Monday, December 12, 2005
Communities of practice
There is a webcast with a presentation by
Verna Allee on value creating network. The good thing is that it takes an hour, but you can click on subparts, and the whole webcast is on transcript as well (I ended up reading rather than listening). There are some really interesting parts related to communities of practice.
First she makes important distinctions between different social networks like information networks, affiliation networks, and purpose networks like knowledge networks and communities of practice; whereas social network analysis has not really made this distinction. She recalls an organisation where everyone was so excited about communities of practice that they started calling everything a CoP (hm very recognisable!). She distinguishes CoPs from knowledge networks since CoPs have a shared domain, a joint enterprise flowing from a joint understanding of the practice, which comes from within. So there is a whole educational process needed to make people understand the difference. She mentions that CoPs are very popular because it seems to build people's skills to survive in a networked society. A different set of skills than needed for survival in a hierarchical organisation.
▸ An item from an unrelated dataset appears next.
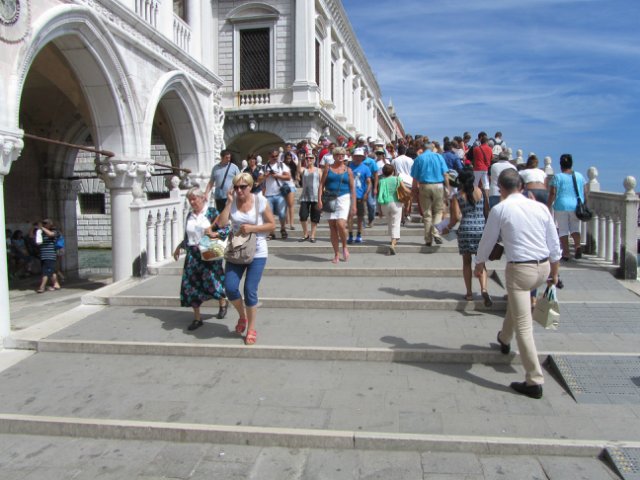 "Моя Италия". Часть 7 - Венеция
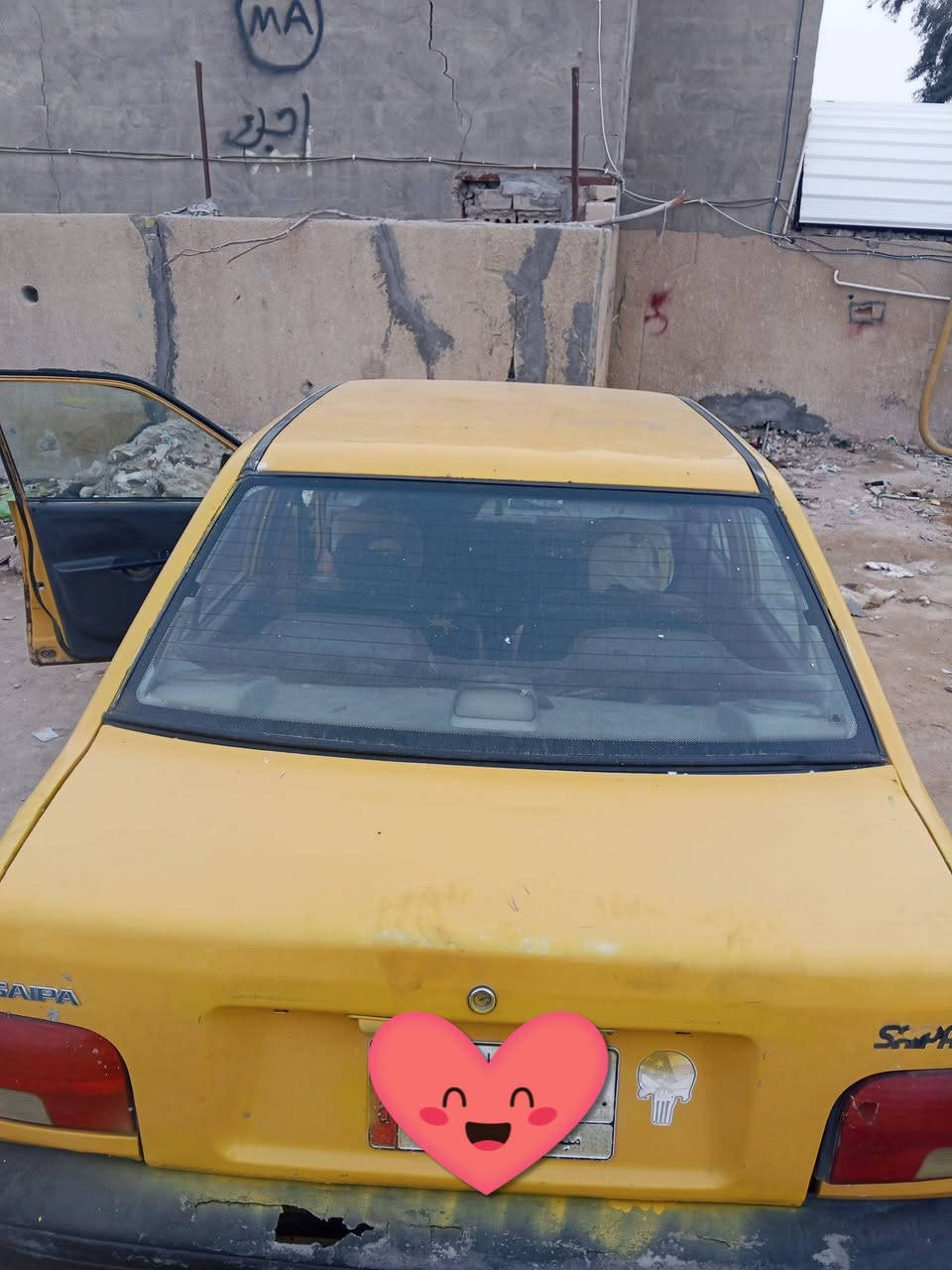 السلام عليكم سايبا للبيع موديل 2009 سيارة حلوة حيل لا خياس شواصي حلوات سنوية ماصاقطه  مال  الجناي السيارة مسجل شغال سماعات جاهزة تجي وشوف بعينك مصفرة السيارة  تجي وشوف بعينك بيها بس الثالث مايجي والباقي نعمه من الله الشراي يتصل اني مكلف بالنشر ***********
I like the stricter definition, but if you apply it strictly, I wonder if multistakeholder networks would qualify for CoPs (because of a wide variety of practices and maybe very uneven practices) or are more often knowledge networks (and then what are the different implications for supporting or structuring it?). So far I tried to avoid looking at the name but rather whether CoP theory could help in any way to understand what's going on in a network or CoP. (??)